The Best is Not Enough

When we chase after greatness, who and what are we leaving by the wayside?

Review by Heidi Klumpe

The Good-Enough Life by Avram Alpert was both what I expected and not. I expected this book to talk me out of my desire to be great, but I did not expect it to do so with a trek across ethics, history, economics, and science. I expected “good-enough” would mean a life that is small and sufficient, but not that Alpert would extend this to a world with enough good (i.e., food, housing, purpose, and justice) for everyone.

Alpert’s vision for improving society is vast and, at times, vague and utopian, but what he opposes is more clear: “A unifying theme cuts across much that troubles us in life. We can call this unifying theme greatness.” To be clear, he is not denying that some individuals have intrinsic greatness or outlier abilities. Instead, he is concerned with how greatness is confused with poor correlates (e.g., money, fame, power), how becoming great seems like the best thing to do with our lives, and the belief that optimization produces the best outcomes. The book maps the “poisonous” effects of such thinking “for ourselves, our relationships, our societies, and our planet.” Alpert identifies four aspects of this thinking.

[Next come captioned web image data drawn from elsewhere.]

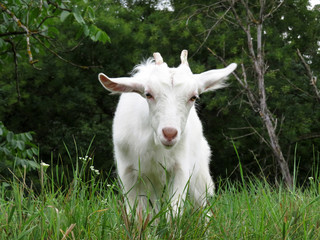 Little white goat eating grass on a summer green meadow with wildflowers. Beautiful baby goat on a pasture, rural landscape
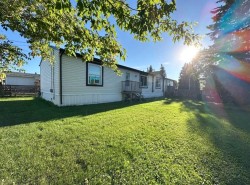 5243 47 Street Mannville, AB T0B 2W0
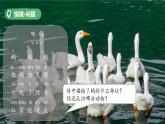 第6課 認(rèn)識(shí)動(dòng)物 課件 小學(xué)科學(xué)青島版六三制（2024）一年級(jí)下冊(cè)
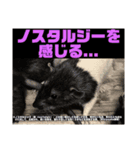 可愛げのないファンシー ラット第1弾（個別スタンプ：5）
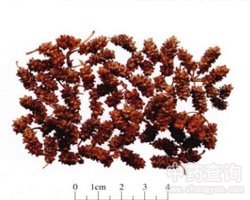 ɣ驵Ĺ�Ч�c����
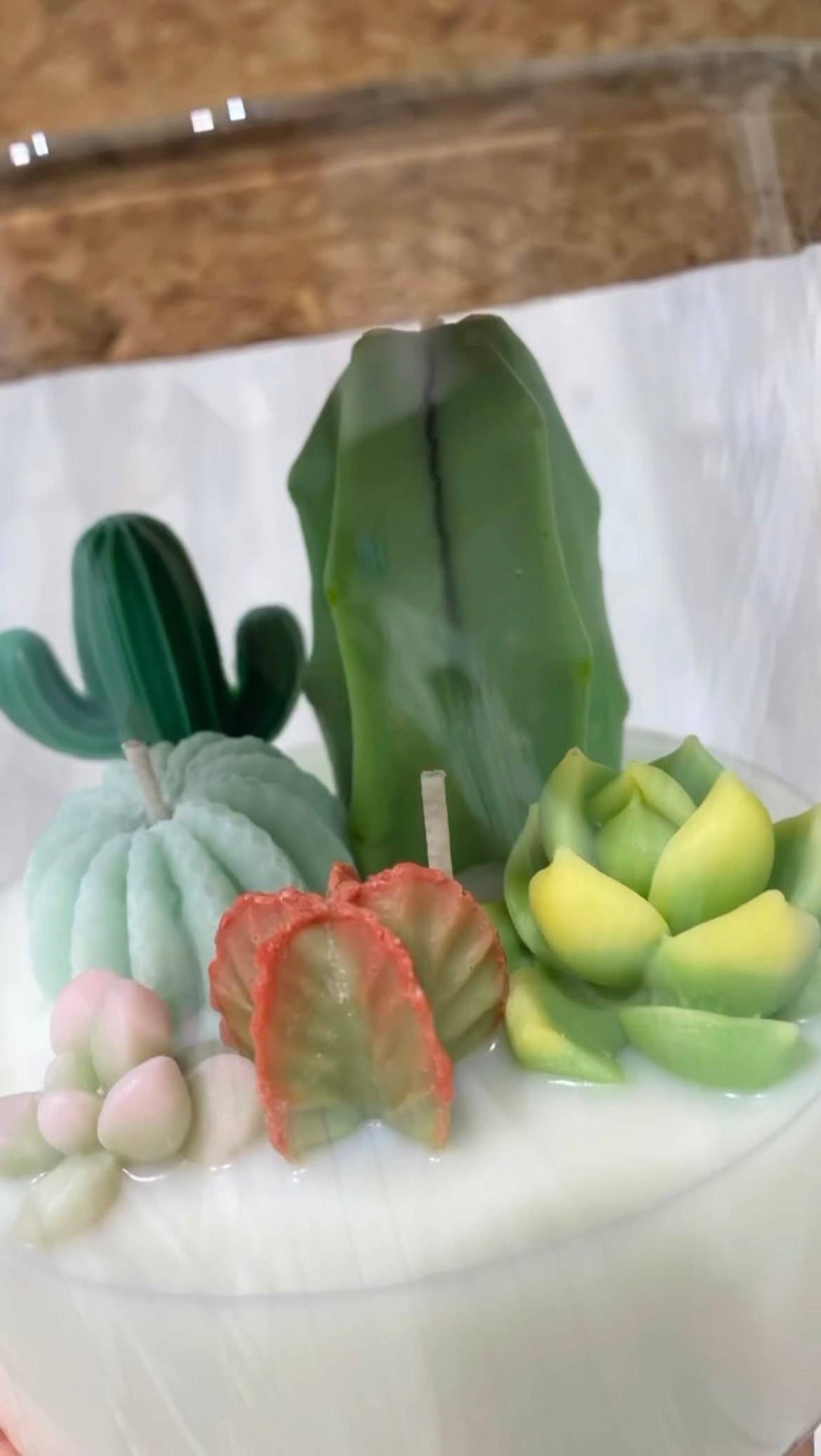 Large 3-wick Terrarium Candle | Soy blend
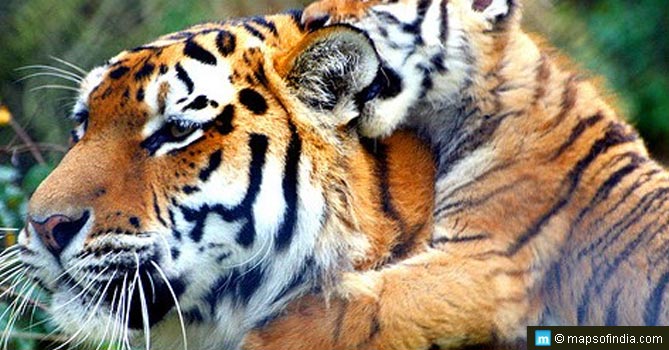 Top 5 Weekend Getaways for Delhiites Sariska Tiger Reserve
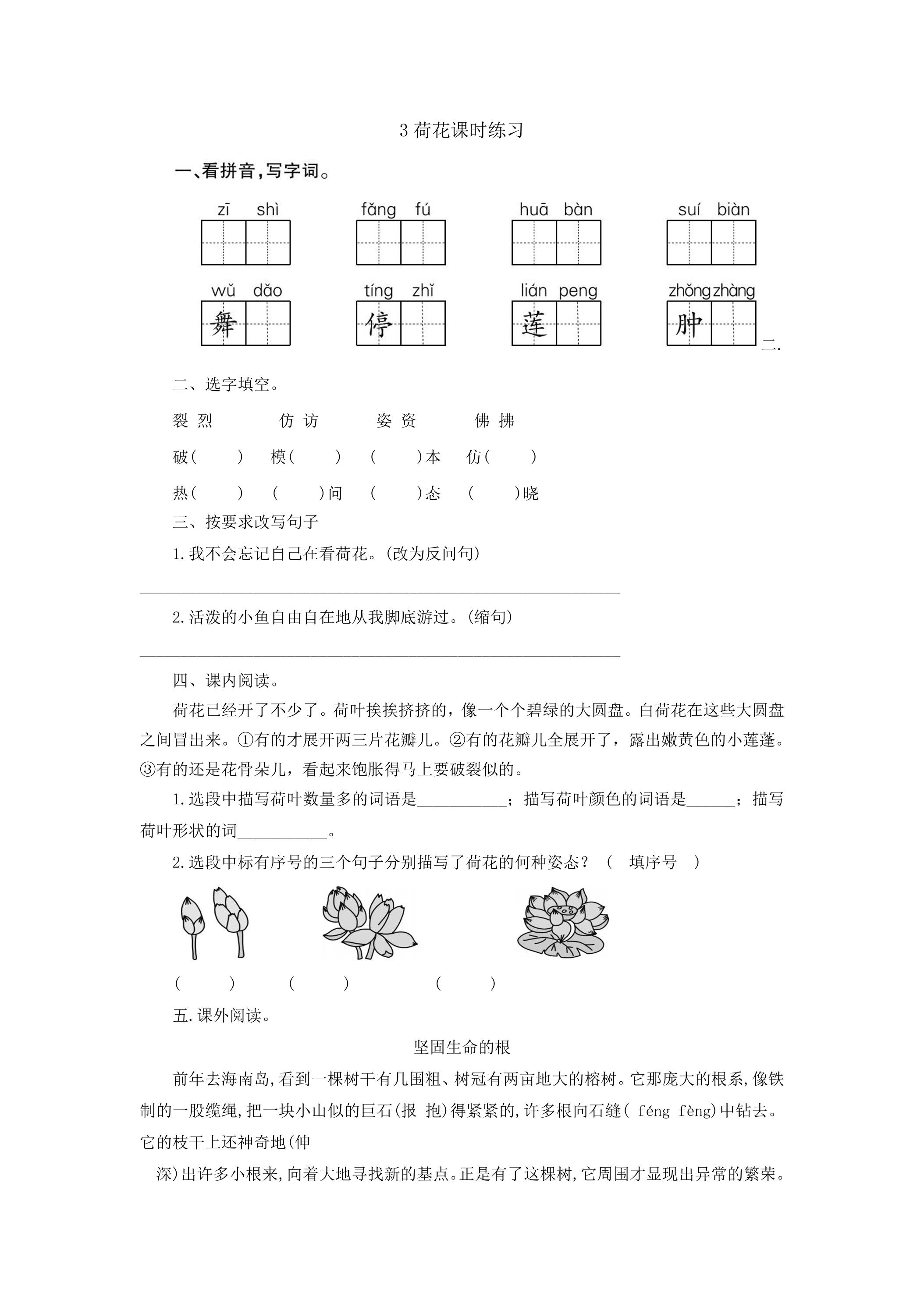 3荷花课时练习02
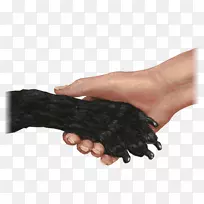 拇指握手-空若网 拇指握手-空若网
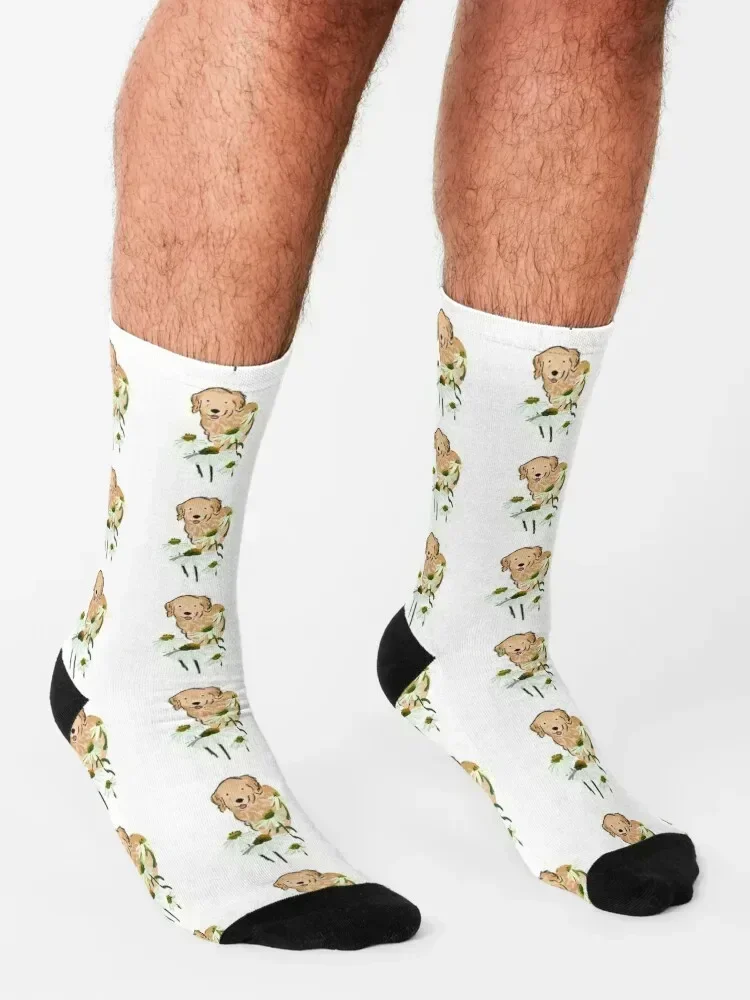 Flower Queso Socks fashionable floral custom sports moving stockings Mens Socks Women's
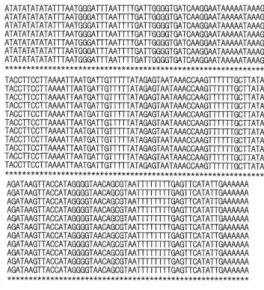 Table 2. Pairwise comparisons among 11 haplotypes obtained from the partial sequences of mitochondiral 16S region gene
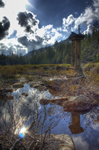 Adirondack swamp monument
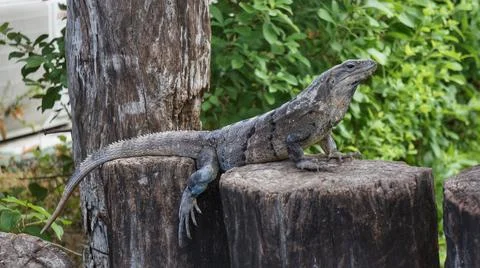 Iguana on two tree trunks Stock Photos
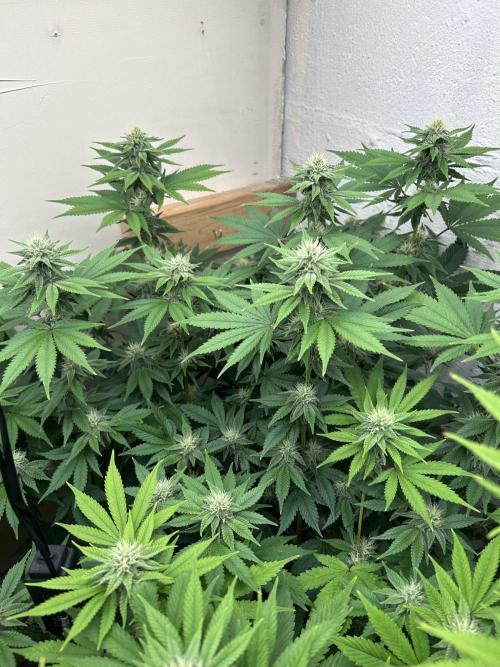 Ice Cream Cake. Week 11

First, “greatness” is often a fiction. Society can confer greatness on the unqualified and overlook people of high value. Our desire for greatness can be at odds with our limitations and weaknesses. We often hope brilliance or wealth can fix our problems, but they do not. This is true in our personal lives, as well as in public policy. Alpert points out that waiting for a “great” technical breakthrough to address climate change can overlook non-technical stumbling blocks in politics; hoping that more “optimal” use of resources will sustain us overlooks the human tendency to increase consumption apace.

The second problem is inequality. A key point in the book is that greatness justifies social stratification. Adam Smith, when describing the “invisible hand” of a free market, predicted financial inequality would exist because successful individuals will selectively enrich themselves or because useful technology is held by a privileged few. This is acceptable to Smith because the greatness of a few will uplift society as a whole, but Alpert thinks such inequality can have dangerous consequences, as “[e]conomic plutocracy inevitably subverts political democracy.”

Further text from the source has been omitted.